The most interesting part of The Fires of Pompeii, I think, is the way David Tennant pitches that line, “TARDIS, Time Lord, Yes”. It’d be quite easy to play that in a more comedic way – certainly, Catherine Tate does it with a sort of affronted air that makes it feel a little like a punchline – but it’s not the choice he makes. No, instead he really snarls it, leaning into the arrogance and the superiority; he is in charge, and he’s demanding she acknowledge that, demanding she acquiesce to him.
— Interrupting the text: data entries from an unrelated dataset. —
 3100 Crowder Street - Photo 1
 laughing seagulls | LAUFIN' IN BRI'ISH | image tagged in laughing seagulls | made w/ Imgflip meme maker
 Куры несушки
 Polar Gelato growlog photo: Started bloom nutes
That’s the more engaging way to look at The Fires of Pompeii – a study in the Tenth Doctor’s arrogance. It’s palpable, seeping off the screen; he’s patrician and condescending, and so screamingly steadfast in his convictions. In turn, it’s this that alienates him and makes him monstrous, turning a blind eye as people perish all around him. It’s actually quite horrifying to see the Doctor leave, the sound of the TARDIS transformed into something threatening as he nearly leaves Donna behind. Of course Donna doesn’t agree with the Doctor, even after pushing the button with him. (Why did she do it, then? So he didn’t have to do it alone. That’s a fascinating detail about her character, there.) You could quite easily imagine something like this used as the basis for a Kill the Moon style confrontation between the Doctor and a companion; there’s something genuinely quite awful about it all. For all that people talk about the Davies era as being about framing the Doctor as a lonely god, it feels quite rare for them to discuss it in terms of this episode – when The Fires of Pompeii is, surely moreso than any other story of his tenure, the piece that most emphasises the gulf between the Doctor and everyone around him.
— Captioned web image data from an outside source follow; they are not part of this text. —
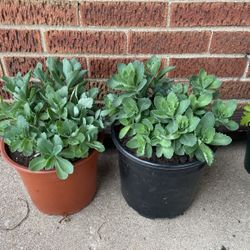 Two Potted Sedum Plants Perrineals $13 Each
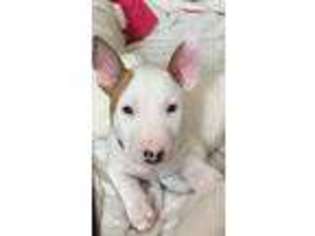 Bull Terrier Puppy for sale in American Canyon, CA, USA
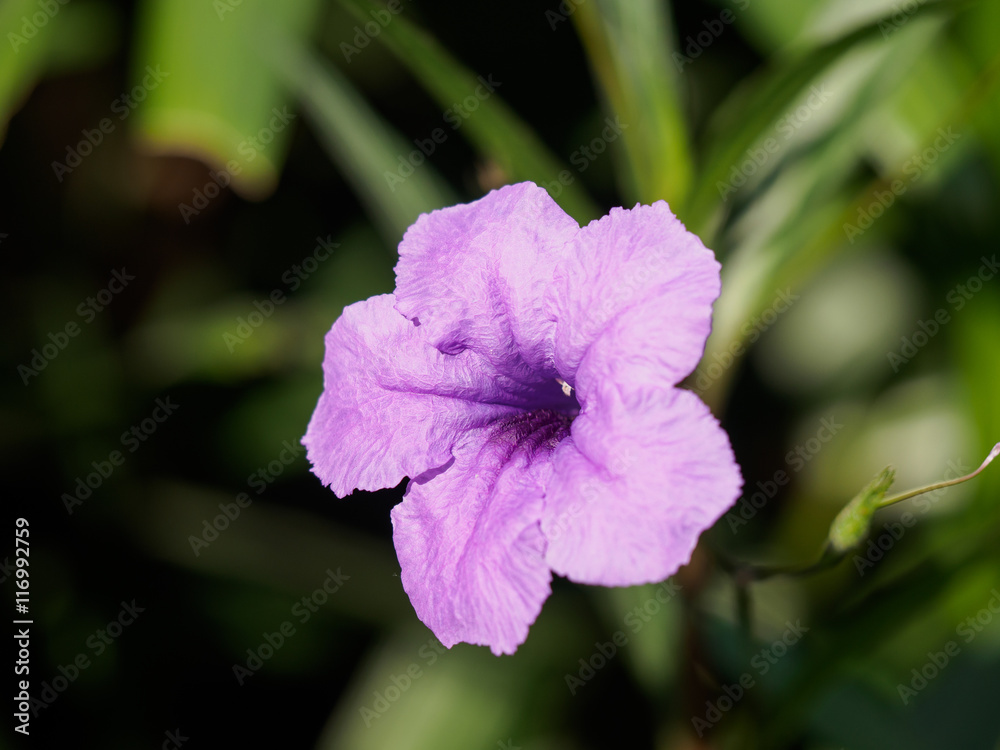 Obraz premium Violet flower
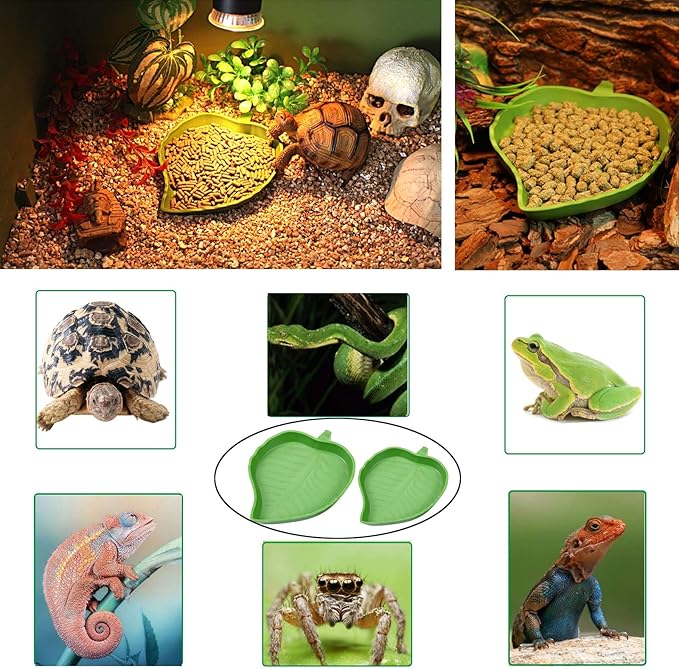 3pcs Tortoise Food Dish with Ramp and Basking Platform Leaf Tortoise Water Food Bowls Reptile Water Dish Turtle Reptile Pool for Amphibians Gray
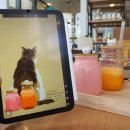 일상드로잉(초급) 이미지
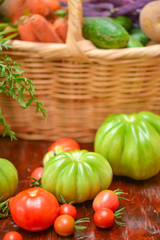 The tomato (Solanum lycopersicum)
I almost wish, really, that the episode had been more willing to commit to that, to be a little more critical of the Doctor in that regard. It’s a far more compelling way to look at these time travel parables, I think, throwing up much more to consider than a trolley problem – you sort of wonder, really, what The Fires of Pompeii might have looked like as a contemplative late series episode rather than a big, broad part of the series launch.
The grace note, of course, is supposed to be the moment where the Doctor saves Caecillius and his family. But what makes Caecillius so worth saving? It’s that he and his family were the supporting cast, the only people the Doctor and Donna got to know. It’s that he’s got the famous face of Peter Capaldi, the actor the audience are going to recognise. If you like, it’s that he’s got the future face of the Twelfth Doctor, marking him apart from everyone else in much the same way the episode stresses the Tenth Doctor’s separation from humanity.
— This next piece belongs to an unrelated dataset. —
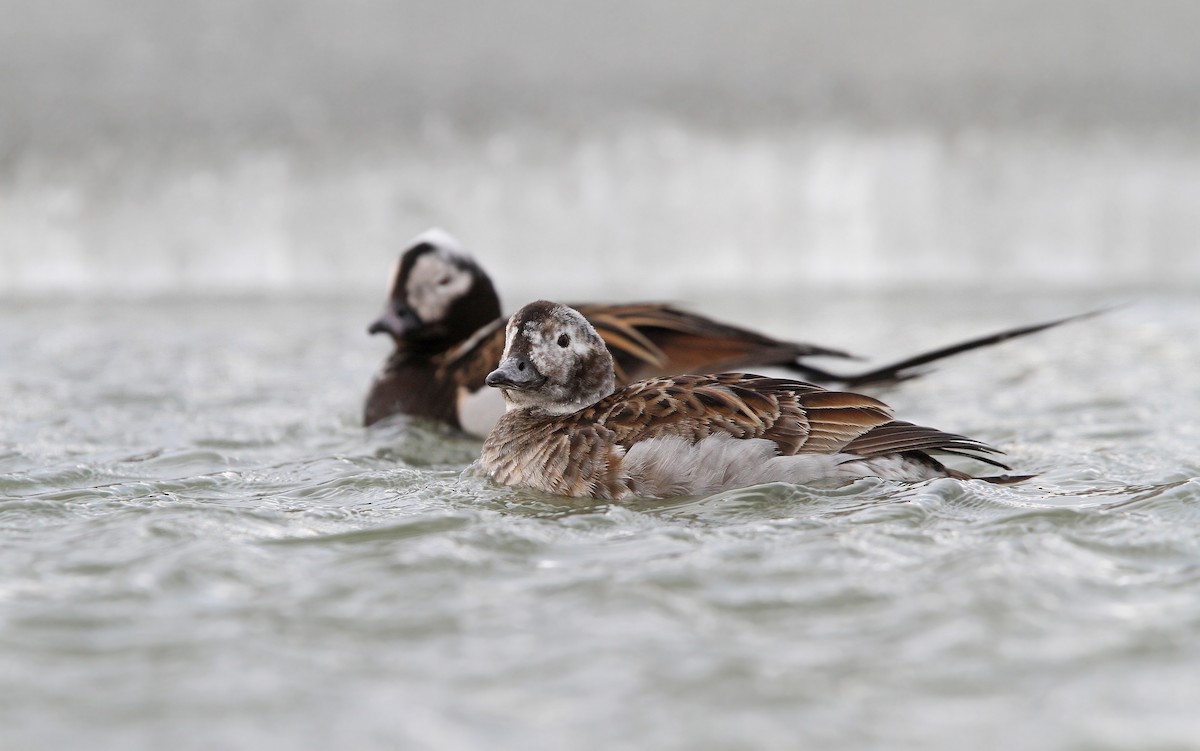 Long-tailed Duck - ML63885561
There’s little about what the Doctor says to Caecillius at the end that you’d describe as comforting. It’s not the caring conversation that Donna has with Evaline; it’s about the long lens of history, contextualising them as ants next to a giant. It’s cold, without empathy, while Caecillius stands and watches and cries – thinking, perhaps, about friends and colleagues and people he passed on the street and people he didn’t meet. Saving Caecillius isn’t kind, it’s fickle, and arbitrary, and ultimately just down to a whim. To be at the mercy of someone like that? Talk about cruel and unusual. The joke at the end is that Caecillius and his family didn’t understand the Doctor and Donna, thinking of them as gods – but maybe that’s a more accurate way of looking at them, in the end.
A few years later, when Peter Capaldi popped up again and turned out to be the best Doctor Who we’ve ever had, they returned back to this episode to explain it away. Why does the Doctor have Caecillius’ face now? As a reminder to save the little people. But is that what he did here? In a way, it feels much closer to that speech in Boom Town, about how every now and then even the worst monster will spare someone just to make themselves feel better.
Ultimately, then, I think The Fires of Pompeii is a very good episode – but one that’s often celebrated for the things it’s not actually doing.